Observability

Scani is observability-friendly without being observability-heavy. Structured logs and HTTP healthchecks come out of the box; everything else is opt-in.

Structured logs

Every service uses @scani/logging (pino). Logs go to stdout as single-line JSON in production, pretty-printed in dev.

Env var	Effect
`LOG_LEVEL`	`debug`, `info`, `warn`, `error`. Default `info`.
`LOG_PRETTY`	Pretty-print. Default `false` in production.
`LOG_SQL_QUERIES`	Log every Drizzle query. Default `false`. Useful for short debug sessions; very chatty otherwise.
`LOG_ID_PEPPER`	Required in production. 16+ chars. Pepper used to one-way hash user / tenant / account IDs before they appear in logs. Missing pepper is a hard boot failure in prod.
`SERVICE_NAME`	Set automatically by compose (`api`, `worker`, `data-provider`).

The pepper is what makes the logs safe to ship to a centralised log aggregator. Without it, raw UUIDs would appear in plaintext and correlation across hosts could re-identify users.

Collecting logs

Any container-aware log shipper works. Common setups:

Loki + Promtail / Grafana Alloy — Promtail tails the Docker log driver and forwards to Loki. Grafana queries Loki.
Datadog / New Relic / Honeycomb — install their agent on the host, point it at the Docker socket.
docker compose logs — fine for a one-box deploy.

Sample fields you’ll see:

{
  "level": "info",
  "time": "2026-05-24T11:00:00.000Z",
  "service": "worker",
  "component": "service:PriceGraphService",
  "msg": "convert",
  "fromToken": "<hashed>",
  "toToken": "<hashed>",
  "path": "one-hop-USD",
  "stale": false
}

Healthchecks

Service	Endpoint	Status code
`api`	`GET /health`	`200 {"status":"ok"}` when DB + Redis reachable.
`data-provider`	`GET /health`	Same.
`frontend-app`	`GET /healthz`	Static `200`.
`worker`	none	The worker has no HTTP surface. Liveness is the container being running; readiness is “processed at least one heartbeat job” (visible in BullMQ dashboards).

The compose file wires these as Docker healthchecks already; your reverse proxy or load balancer can probe them too.

Sentry (optional)

Server-side:

Variable	Effect
`SENTRY_DSN`	If unset, the SDK is a no-op and nothing leaves the process.
`SENTRY_ENVIRONMENT`	Tag for the release (`production`, `staging`).
`SENTRY_RELEASE`	Release identifier; useful to correlate with deployed image tag.

Browser-side:

Variable	Effect
`VITE_SENTRY_DSN`	Baked into the SPA bundle at build time.
`VITE_SENTRY_ENABLED`	`true` to enable.

Payloads pass through packages/business/shared/src/utils/sentry-scrubber.ts which strips known-credential shapes (apiKey, secret, token, session cookies, integration credentials) before send. Verify yourself before pointing at a shared Sentry project.

Metrics (bring your own)

There is no built-in Prometheus exporter — yet. If you need metrics:

Postgres — install postgres_exporter or use your managed provider’s metrics surface.
Redis — install redis_exporter.
BullMQ queue depth + DLQ depth — the dlq-depth-probe and job-heartbeat-probe scheduled jobs emit warn-level logs when they cross thresholds. Convert to metrics via log-based extraction if your stack supports it (Loki has metrics query type; Honeycomb has BubbleUp).
API request latencies — instrument your reverse proxy (Caddy and nginx both emit access logs with timing).
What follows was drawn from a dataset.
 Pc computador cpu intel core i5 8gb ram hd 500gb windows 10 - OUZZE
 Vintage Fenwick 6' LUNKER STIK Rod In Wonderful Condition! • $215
If you’d like a built-in Prometheus endpoint, open an issue on GitHub — it’s been discussed and there’s no strong reason not to ship one.

Tracing

Not built in. The codebase doesn’t carry OTLP exporters or context propagation. The closest thing is correlation IDs in logs (every request has a requestId, every job has a jobId).

What to alert on

Production-grade alerts to consider:

API /health returning non-200 for > 1 minute → service unhealthy.
DLQ depth > 100 → jobs failing systematically.
Postgres connection saturation → exhausted pool (often the POSTGRES_POOL_MAX vs pooler mismatch).
Disk usage on the postgres-data and minio-data volumes.
Sustained job heartbeat misses (the job-heartbeat-probe reports these).
unpriceableUntil cooldowns piling up on many tokens at once → an upstream pricing provider has changed shape.